A Physiopathologie et mécanismes
• Le faisceau de His se divise en une branche droite et une gauche, qui se subdivise en fascicules ou hémibranches : antérieure fine et postérieure épaisse.
• Les branches sont peu sensibles aux effets du système nerveux autonome.
• Elles se ramifient en réseau de Purkinje et ont la même nature histologique que lui. Les cellules sont peu sensibles à l'ischémie et sont quasiment dépourvues d'activité mécanique.
• Dans le bloc de branche, on observe un ralentissement ou interruption de la conduction dans une branche.
B Aspects cliniques
1 Présentation clinique
• Un bloc de branche est toujours asymptomatique s'il est isolé.
• Un bloc de branche est de découverte :
– soit fortuite, par un ECG pratiqué lors d'une visite de contrôle ;
– soit au cours du suivi d'une maladie cardiovasculaire.
• Accompagné de lipothymies ou de syncopes, il prend une valeur de gravité immédiate pour deux raisons : il peut signer la présence d'une cardiopathie (c'est surtout vrai pour le bloc de branche gauche) ou suggère un BAV paroxystique comme cause des symptômes.
2 Étiologies
• Le bloc de branche droit (BBD) isolé peut être bénin et considéré comme une variante de la normale, qu'il soit complet ou incomplet mais peut parfois témoigner d'une cardiopathie sous-jacente en particulier du ventricule droit.
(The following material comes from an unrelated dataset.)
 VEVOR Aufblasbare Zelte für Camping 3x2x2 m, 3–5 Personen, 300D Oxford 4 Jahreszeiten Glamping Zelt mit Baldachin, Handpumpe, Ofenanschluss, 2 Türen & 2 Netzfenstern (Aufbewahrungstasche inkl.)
Le bloc de branche droit est quasi systématiquement observé dans la plupart des cardiopathies congénitales touchant le ventricule droit et surtout dans la pathologie pulmonaire avec retentissement cardiaque (hypertension pulmonaire, séquelle d'embolie pulmonaire, etc.).
• Le bloc de branche gauche (BBG) n'est jamais considéré comme bénin, il est soit dégénératif, soit associé à une cardiopathie.
• Au cours d'un syndrome coronarien aigu, on peut observer l'apparition d'un bloc de branche droit ou gauche. Au cours de l'infarctus antérieur, l'apparition d'un bloc de branche gauche est le témoin d'une atteinte infrahissienne de mauvais pronostic car associée à des lésions très étendues avec insuffisance cardiaque ou choc cardiogénique.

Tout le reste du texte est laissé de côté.